Hierarchically Porous Carbons Derived from Metal–Organic Framework/Chitosan Composites for High‐Performance Supercapacitors

Hierarchically porous carbon materials with high surface areas are promising candidates for energy storage and conversion. Herein, the facile synthesis of hierarchically porous carbons through the calcination of metal–organic framework (MOF)/chitosan composites is reported. The effects of the chitosan (CS) additive on the pore structure of the resultant carbons are discussed. The corresponding MOF/chitosan precursors could be readily converted into hierarchically porous carbons (NPC‐ V , V= 1, 2, 4, and 6) with much higher ratios of meso‐/macropore volume to micropore volume ( V meso‐macro / V micro ). The derived carbon NPC‐2 with the high ratio of V meso‐macro / V micro =1.47 demonstrates a high specific surface area of 2375 m 2  g −1 , and a high pore volume of 2.49 cm 3  g −1 , as well as a high graphitization degree, in comparison to its counterpart (NPC) without chitosan addition.

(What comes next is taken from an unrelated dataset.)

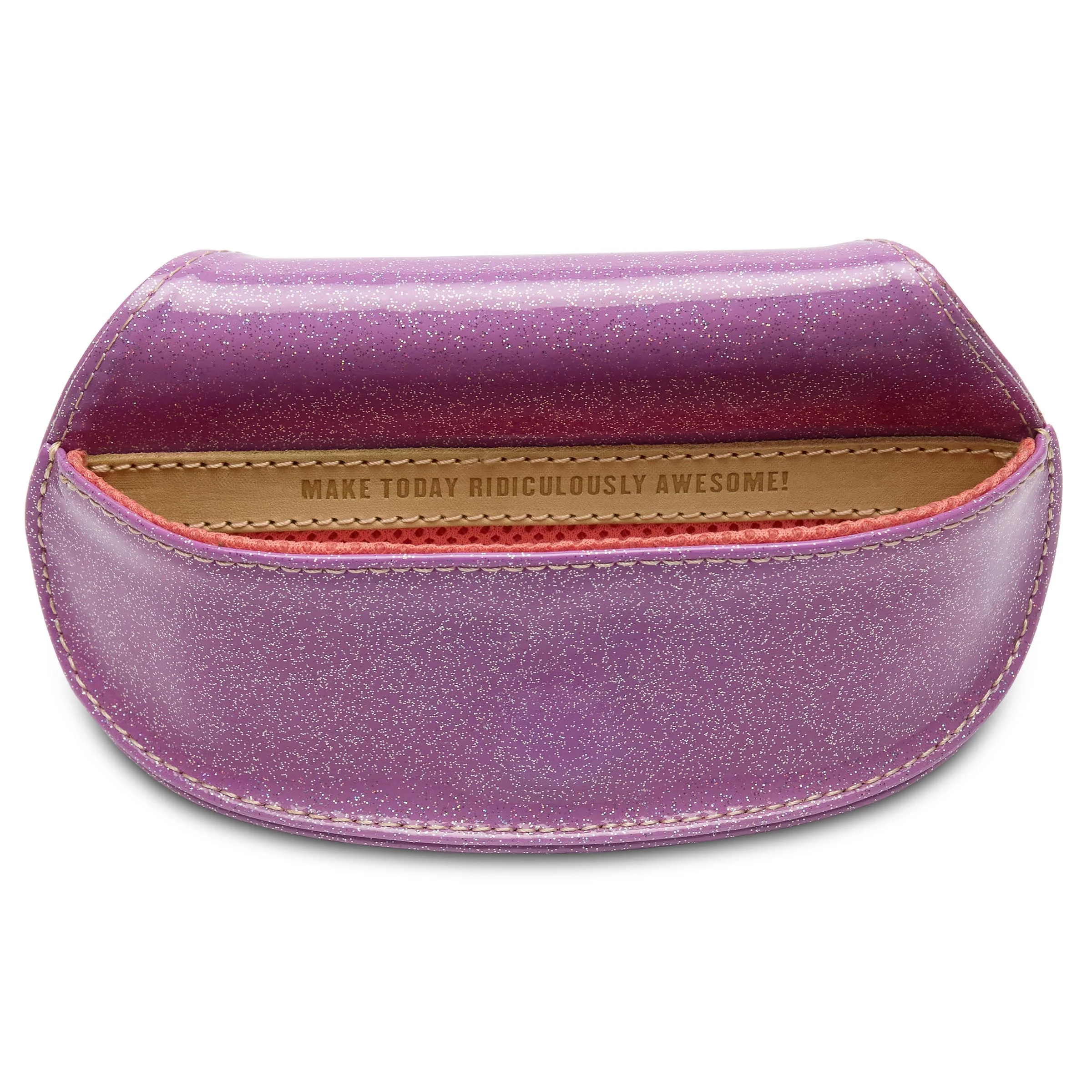 Twy Sunglass Case - Image 4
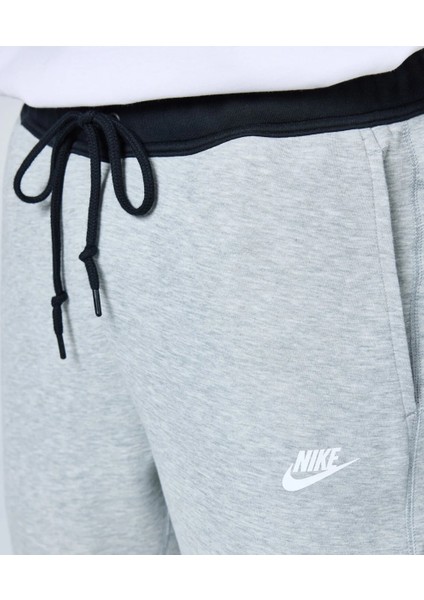Sportswear Tech Fleece Joggers Erkek Eşofman Altı-Fb8002-064 fırsatları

These excellent features are favorable for rapid ion diffusion/transport, endowing NPC‐2 with enhanced electrochemical behavior as supercapacitor electrodes in a symmetric electrode system, corresponding to a high specific capacitance of 199.9 F g −1 in the aqueous electrolyte and good rate capability. Good cycling stability is also observed after 10 000 cycles.